Deep neural networks applied to controls can take two flavors:

  • Supervised learning – Training using an existing dataset, with the goal of generalizing to new situations. For example, we could collect data from a walking human attached to a motion capture system, an expert remotely controlling a robot, or a model-based controller in action. Then, supervised learning can be used to parameterize a neural network.
  • Reinforcement learning – Learning through experience, or trial-and-error, to parameterize a neural network. Unlike supervised learning, this does not require any data collected a priori, which comes at the expense of training taking a much longer time as the reinforcement learning algorithms explores the (typically) huge search space of parameters.

Of course, there is always the possibility to combine both approaches. For example, an existing control policy could be used to collect an initial dataset that bootstraps the reinforcement learning problem – which is typically referred to as imitation learning. This provides the clear benefit of “not starting from zero”, which significantly shortens training time and has a potentially higher likelihood of producing a reasonable result since the initial condition is ideally proven to already work to some extent.

You can learn more about using MATLAB and Simulink for these types of problems by watching our Deep Reinforcement Learning for Walking Robots video.

More generally, there are pros and cons to employing machine learning to control a robotic system.

Advantages:

  • Machine learning can enable end-to-end workflows that directly use complex sensor data such as images and point clouds.

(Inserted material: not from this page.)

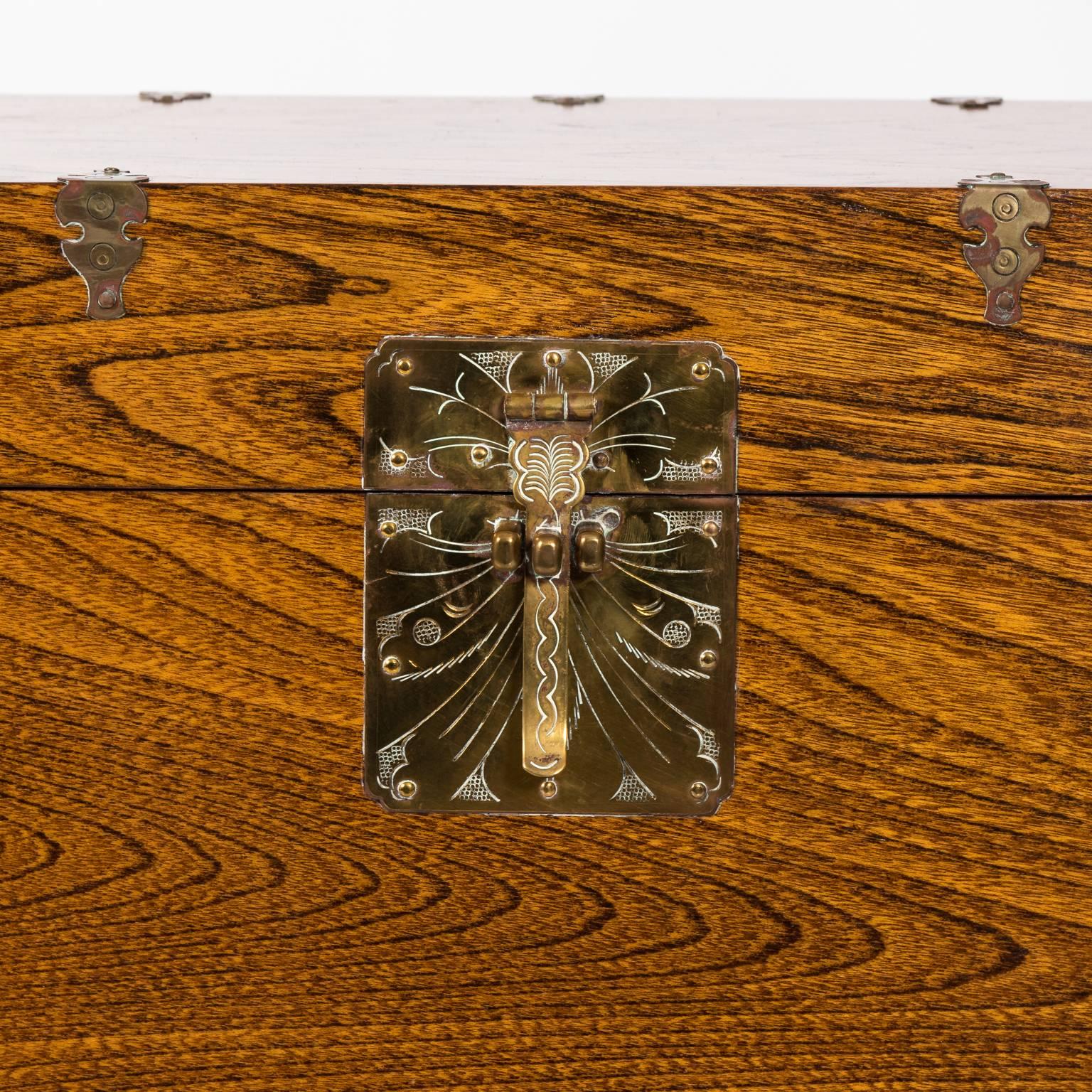 Meiji Baule giapponese in legno e ottone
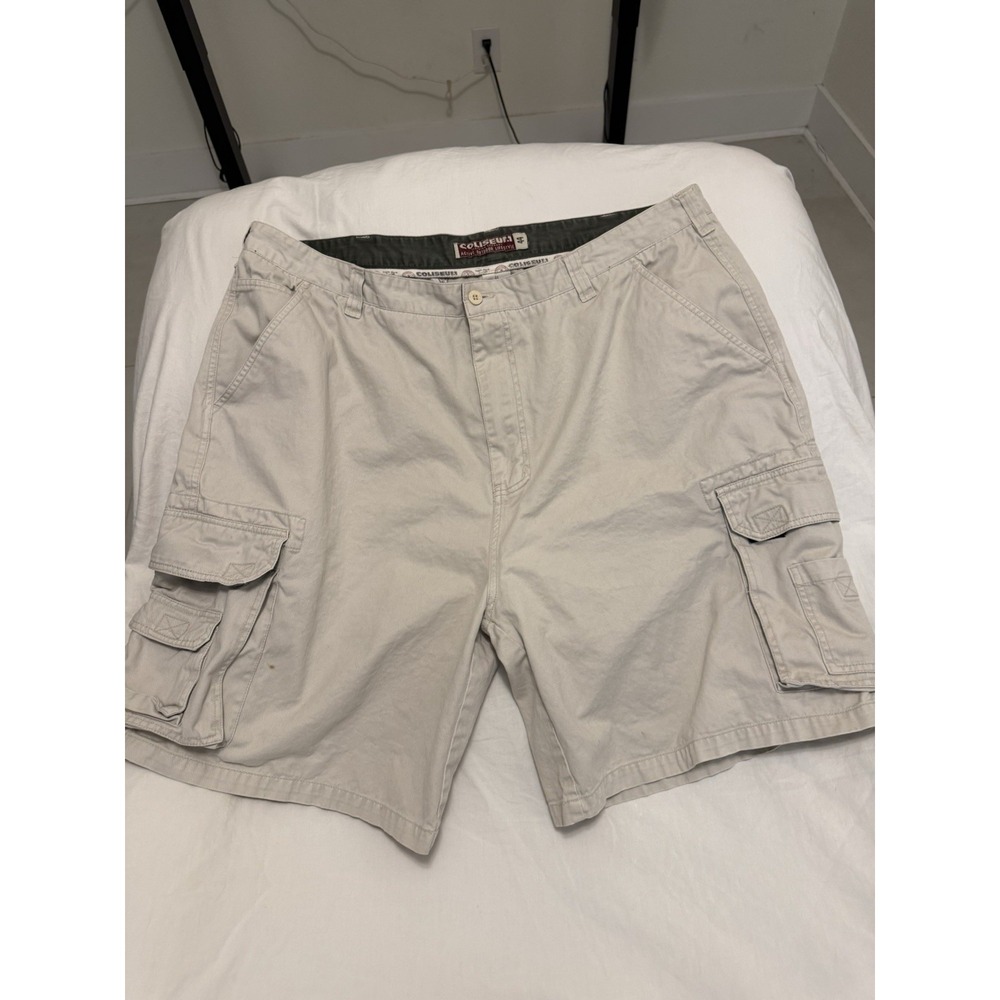 Men's 44 Colosseum outdoor cargo shorts made in Russia beige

In contrast, traditional control methods would require processing this data first – for example, creating an object detector that can identify locations of interest.
  • Possible to learn complex nonlinear behaviors that would be difficult, or even impossible, to implement with a traditional control design approach.
  • In general, less domain expertise is needed by the person(s) designing the controller.

Disadvantages:

  • Machine learning methods are susceptible to “overfitting” to a specific problem, meaning the results do not necessarily generalize to other tasks. This is especially difficult when you are using simulation to train a controller, as the controller may exploit simulation artifacts that are not present in the real robot. This problem is so common that it’s been given the name sim2real.
  • Machine learning has another notorious challenge of “explainability” – in other words, once a controller is trained using your favorite machine learning technique, how can we interpret the learned behavior and apply it to other problems?
  • In general, less domain expertise is needed by the person(s) design the controller (yes, this is both a pro and con).

Combining Controls and Machine Learning

The key takeaway is that machine learning based control approaches have great potential, but there have been years of research and successful implementation of model-based controllers that use well-understood physical knowledge about walking robot dynamics… and we would be remiss to readily throw away all this information!

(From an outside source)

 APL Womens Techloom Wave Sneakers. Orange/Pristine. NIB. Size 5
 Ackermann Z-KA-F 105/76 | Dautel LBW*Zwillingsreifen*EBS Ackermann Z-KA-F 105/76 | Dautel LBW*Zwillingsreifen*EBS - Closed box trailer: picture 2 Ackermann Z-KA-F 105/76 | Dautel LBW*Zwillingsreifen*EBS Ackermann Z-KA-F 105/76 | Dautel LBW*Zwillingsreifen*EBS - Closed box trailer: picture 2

An important note is that machine learning and traditional controls can (and should!) be combined. For example, take the diagram below which

  • Uses machine learning to convert a combination of numeric data and perception sensor (e.g. color and depth images, lidar, etc.) into a “good” motion plan and operating mode for the robot.
  • Uses model-based control techniques to position the feet of the robot, convert that to joint angles, and control the individual actuators to carry out this action. Safety-critical factors such as stability would also be taken care of completely independently of what the trained agent may decide.

The above is just an example, and you should feel free to explore where to draw the partition between an explainable, analytical algorithm vs. a “black-box” learned policy for your specific problem. A carefully thought-out combination of the two can lead to powerful and complex autonomous behavior that can generalize beyond the training environment and platform, as well as provide some guarantees on behavior that may need to be safety-critical.

We hope you enjoyed reading this post, and we look forward to your comments and discussion.